The Sound He Saw
Roy DeCarava was one of few photographers who documented life in Harlem in the second half of the 20th century. His photographs of jazz musicians like Miles Davis and Louis Armstrong performing onstage were taken with the same immediacy as those of an average commuter leaving the subway in Harlem. Born in 1919, he was raised by his mother in Harlem and encouraged by a teacher to pursue art. He attended an art school funded by the Works Progress Administration, where he met the renowned African-American poet, Langston Hughes. In 1952 he became the first African-American photographer to receive a Guggenheim fellowship. He later teamed up with Hughes to publish The Sweet Flypaper of Life, which featured DeCarava’s photographs along with a poem from the perspective of a woman living in Harlem, written by Hughes.

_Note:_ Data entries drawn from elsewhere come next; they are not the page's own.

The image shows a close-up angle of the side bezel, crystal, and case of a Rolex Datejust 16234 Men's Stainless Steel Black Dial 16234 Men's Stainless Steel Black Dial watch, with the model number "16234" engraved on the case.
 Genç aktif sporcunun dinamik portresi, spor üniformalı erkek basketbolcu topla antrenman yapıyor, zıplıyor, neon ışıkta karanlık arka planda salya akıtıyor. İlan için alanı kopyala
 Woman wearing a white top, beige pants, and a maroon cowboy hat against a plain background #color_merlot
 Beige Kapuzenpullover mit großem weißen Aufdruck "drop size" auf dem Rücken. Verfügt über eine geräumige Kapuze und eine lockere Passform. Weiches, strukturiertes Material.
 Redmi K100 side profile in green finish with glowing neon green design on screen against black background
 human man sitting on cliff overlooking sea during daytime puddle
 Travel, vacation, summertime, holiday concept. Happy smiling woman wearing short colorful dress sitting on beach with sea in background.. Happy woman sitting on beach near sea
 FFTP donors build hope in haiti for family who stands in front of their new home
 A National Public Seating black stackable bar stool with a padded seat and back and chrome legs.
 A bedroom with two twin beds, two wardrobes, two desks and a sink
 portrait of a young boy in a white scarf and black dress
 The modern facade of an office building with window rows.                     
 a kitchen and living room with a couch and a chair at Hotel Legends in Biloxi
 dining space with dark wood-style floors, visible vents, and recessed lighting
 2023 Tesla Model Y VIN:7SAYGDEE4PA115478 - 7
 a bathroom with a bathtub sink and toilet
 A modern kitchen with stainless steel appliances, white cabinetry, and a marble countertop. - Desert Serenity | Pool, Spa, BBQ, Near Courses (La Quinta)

I had the chance to meet Roy DeCarava while I was working for an art book publisher, who had heard rumours of the photographer’s legendary unpublished book, The Sound I Saw. One night we visited him in his house in Brooklyn, where, after dinner, he heaved an old, dusty suitcase onto the dinner table and opened it to reveal a massive, black leather-bound book. Inside the book, DeCarava had pasted his own prints, featuring jazz musicians performing and relaxing backstage, as well as everyday street scenes, alongside cutout strips of a poem he’d written to accompany the photographs. He had hand-stitched the binding of the book himself. DeCarava had kept the book in storage for nearly 30 years, due in part to his skepticism of curators and publishers who had promised to promote his work throughout the years. Unfortunately this also meant that his work didn’t received the exposure it deserved. In 2001, a facsimile of DeCarava’s original hand-bound book was published by Phaidon Press, under DeCarava’s original title, The Sound I Saw. DeCarava died last Tuesday, 27 October 2009.